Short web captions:
※

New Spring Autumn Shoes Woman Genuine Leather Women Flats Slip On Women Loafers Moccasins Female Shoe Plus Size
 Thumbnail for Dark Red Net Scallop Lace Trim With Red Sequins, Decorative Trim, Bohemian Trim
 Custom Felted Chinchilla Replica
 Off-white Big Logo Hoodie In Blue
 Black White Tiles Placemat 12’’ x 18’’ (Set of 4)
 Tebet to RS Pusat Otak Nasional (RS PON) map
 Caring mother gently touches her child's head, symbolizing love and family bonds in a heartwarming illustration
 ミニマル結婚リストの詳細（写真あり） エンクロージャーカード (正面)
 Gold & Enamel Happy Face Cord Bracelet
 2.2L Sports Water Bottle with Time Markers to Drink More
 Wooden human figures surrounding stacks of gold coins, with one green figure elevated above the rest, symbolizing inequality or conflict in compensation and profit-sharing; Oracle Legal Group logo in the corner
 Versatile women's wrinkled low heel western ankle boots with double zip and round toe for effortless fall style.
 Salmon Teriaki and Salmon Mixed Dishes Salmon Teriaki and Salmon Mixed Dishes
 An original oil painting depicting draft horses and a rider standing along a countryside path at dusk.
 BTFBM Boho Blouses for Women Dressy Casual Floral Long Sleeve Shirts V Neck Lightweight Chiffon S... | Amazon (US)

※

What needs to be done:
Where a line in the records above includes the string "symbolizing", show it.

Result of the exercise:
 Caring mother gently touches her child's head, symbolizing love and family bonds in a heartwarming illustration
 Wooden human figures surrounding stacks of gold coins, with one green figure elevated above the rest, symbolizing inequality or conflict in compensation and profit-sharing; Oracle Legal Group logo in the corner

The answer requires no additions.